4. Two Layers with Two Neurons Each

Two Layer Network

\begin{align} a_0^{(0)} &= \sigma ((x_{0,0}\times w_{0,0}) +(x_{1,0} \times w_{0,2}) + b_0)) \\ a_1^{(0)} &= \sigma((x_{1,0} \times w_{0,3}) + (x_{0,0}\times w_{0,1}) + b_0)) \\ a_0^{(1)} &= \sigma((a_0^{(0)} \times w_{1,0})+ (a_1^{(0)} \times w_{1,1}) + b_1)) \\ a_1^{(1)} &= \sigma((a_0^{(0)} \times w_{1,1}) + (a_1^{(0)} \times w_{1,3}) + b_1)) \\ y &= \sigma((a_0^{(1)} \times w_{2,0}) + (a_1^{(1)} \times w_{2,1}) + b_2) \end{align}

Sometimes we write $z^i_j$ to represent $\sum_k(w^i_{jk} \times a^{i-1}_k) + b^i_j$ . We can write this in a more concise manner using vectors and matrices for the transition from one layer to the next:

\begin{align*} a^{(0)} =& \sigma \left( \begin{bmatrix} w_{0,0} & w_{0,1} \\ w_{0,2} & w_{0,3} \end{bmatrix} \begin{bmatrix} x_{0,0} \\ x_{1,0} \\ \end{bmatrix} + \begin{bmatrix} b_0 \\ b_0 \end{bmatrix} \right) = \begin{bmatrix} a_0^{(0)} \\ a_1^{(0)} \end{bmatrix} \\ W^{(0)} &= \begin{bmatrix} w_{0,0} & w_{0,1} \\ w_{0,2} & w_{0,3} \end{bmatrix}, X = \begin{bmatrix} x_{0,0} \\ x_{1,0} \end{bmatrix}, b^{(0)} = \begin{bmatrix} b_{0} \\ b_{0} \end{bmatrix} \\ a^{(0)} &= \sigma(W^{(0)}X + b^{(0)}) \end{align*}

a^{(1)} = \sigma \left( \begin{bmatrix} w_{1,0} & w_{1,1} \\ w_{1,2} & w_{1,3} \end{bmatrix} \begin{bmatrix} a_{0}^{(0)} \\ a_{1}^{(0)} \\ \end{bmatrix} + \begin{bmatrix} b_1 \\ b_1 \end{bmatrix} \right) = \begin{bmatrix} a_0^{(1)} \\ a_1^{(1)} \end{bmatrix}

y = \sigma( \begin{bmatrix} w_{2,0} & w_{2,1} \end{bmatrix} \begin{bmatrix} a_1^{(1)} \\ a_0^{(1)} \end{bmatrix} + b_2)

5. Cost Function

A Cost function measures how well a neural network performs with respect to the given training sample and the expected output.

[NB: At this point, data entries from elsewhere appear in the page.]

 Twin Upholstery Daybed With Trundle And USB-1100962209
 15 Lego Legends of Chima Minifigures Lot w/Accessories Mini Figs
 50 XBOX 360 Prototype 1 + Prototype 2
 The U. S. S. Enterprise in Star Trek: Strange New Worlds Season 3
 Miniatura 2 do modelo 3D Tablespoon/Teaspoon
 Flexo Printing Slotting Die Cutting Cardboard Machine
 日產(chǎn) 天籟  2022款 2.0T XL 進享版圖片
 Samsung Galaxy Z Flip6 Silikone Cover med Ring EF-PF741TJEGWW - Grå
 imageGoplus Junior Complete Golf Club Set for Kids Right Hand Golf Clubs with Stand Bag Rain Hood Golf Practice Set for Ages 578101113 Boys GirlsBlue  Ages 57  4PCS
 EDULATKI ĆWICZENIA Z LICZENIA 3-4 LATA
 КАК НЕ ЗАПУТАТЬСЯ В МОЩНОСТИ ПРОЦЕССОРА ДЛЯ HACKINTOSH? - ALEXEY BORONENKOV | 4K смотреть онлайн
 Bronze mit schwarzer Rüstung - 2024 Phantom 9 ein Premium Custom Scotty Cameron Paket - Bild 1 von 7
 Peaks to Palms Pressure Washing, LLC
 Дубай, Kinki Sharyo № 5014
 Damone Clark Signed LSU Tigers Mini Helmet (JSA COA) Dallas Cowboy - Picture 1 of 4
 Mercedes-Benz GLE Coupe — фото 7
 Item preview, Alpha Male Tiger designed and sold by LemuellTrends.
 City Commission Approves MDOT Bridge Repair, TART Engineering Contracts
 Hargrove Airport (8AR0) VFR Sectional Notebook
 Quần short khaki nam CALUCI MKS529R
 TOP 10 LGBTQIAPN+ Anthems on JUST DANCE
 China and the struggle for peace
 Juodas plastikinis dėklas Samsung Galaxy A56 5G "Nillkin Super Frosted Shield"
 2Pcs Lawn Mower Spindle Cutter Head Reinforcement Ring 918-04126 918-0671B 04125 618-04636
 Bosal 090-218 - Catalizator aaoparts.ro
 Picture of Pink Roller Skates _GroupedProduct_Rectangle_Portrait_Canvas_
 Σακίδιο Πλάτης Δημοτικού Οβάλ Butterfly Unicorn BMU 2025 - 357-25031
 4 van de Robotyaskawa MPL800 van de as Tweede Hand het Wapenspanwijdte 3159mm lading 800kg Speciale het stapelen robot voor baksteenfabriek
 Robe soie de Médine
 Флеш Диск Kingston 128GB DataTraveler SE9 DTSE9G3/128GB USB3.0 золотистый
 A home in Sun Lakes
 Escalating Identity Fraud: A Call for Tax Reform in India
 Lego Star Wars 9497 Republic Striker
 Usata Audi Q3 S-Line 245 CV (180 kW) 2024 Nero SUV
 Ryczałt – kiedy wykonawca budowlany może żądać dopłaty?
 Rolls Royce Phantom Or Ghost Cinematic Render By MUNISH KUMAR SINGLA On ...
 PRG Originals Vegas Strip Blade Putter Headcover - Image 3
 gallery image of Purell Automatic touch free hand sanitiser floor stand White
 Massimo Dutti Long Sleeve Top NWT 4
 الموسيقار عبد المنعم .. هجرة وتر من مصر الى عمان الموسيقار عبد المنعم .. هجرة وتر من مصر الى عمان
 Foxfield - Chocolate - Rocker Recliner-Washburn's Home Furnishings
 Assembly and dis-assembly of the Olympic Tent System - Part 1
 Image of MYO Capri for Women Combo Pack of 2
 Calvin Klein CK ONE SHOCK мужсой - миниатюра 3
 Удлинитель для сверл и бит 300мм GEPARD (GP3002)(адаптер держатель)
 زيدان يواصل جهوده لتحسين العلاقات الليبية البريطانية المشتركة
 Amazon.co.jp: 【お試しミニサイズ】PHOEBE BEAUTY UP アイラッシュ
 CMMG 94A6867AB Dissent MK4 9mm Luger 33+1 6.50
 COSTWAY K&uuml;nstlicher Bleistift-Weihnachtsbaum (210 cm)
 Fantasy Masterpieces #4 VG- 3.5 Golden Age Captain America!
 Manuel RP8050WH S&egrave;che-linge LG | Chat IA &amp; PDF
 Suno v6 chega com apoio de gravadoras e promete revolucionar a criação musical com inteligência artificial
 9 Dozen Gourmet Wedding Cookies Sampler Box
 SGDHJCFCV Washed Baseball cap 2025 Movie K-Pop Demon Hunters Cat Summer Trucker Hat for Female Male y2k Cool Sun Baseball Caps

A cost function takes the form:

\begin{align*} C(W, B, S^r, E^r) \\ \ \\ W = \text{network weights} \\ B = \text{network biases} \\ S^r = \text{Input of a single training sample} \\ E^r = \text{The desired output} \end{align*}

This function can also possibly be dependent on $y_j^i$ and $z_j^i$ for any neuron $j$ in layer $i$ , since those values are dependent on $W$ , $B$ , and $S^r$ . In Back Propagation, the cost function is used to compute the error of the output layer, $\delta^L$ , via $\delta^L_j = \frac{\partial C}{\partial a^L_j}\sigma'(z^i_j)$ This can also be written as a vector via $\delta^L = \nabla_aC \ \odot \ \sigma' (z^i)$ Note that $\odot$ denotes vector product. To be used in back-propagation, a cost function must:

Be able to be written as an average over cost functions $C_x$ for an individual training example, $x$ : $C = \frac{1}{n}\sum_x C_x$ This allows us to compute the gradient (w.r.t. $W$ and $B$ ) for a single training example.
The cost function $C$ must not be dependent on any activation values of a network besides the output values $a^L$ .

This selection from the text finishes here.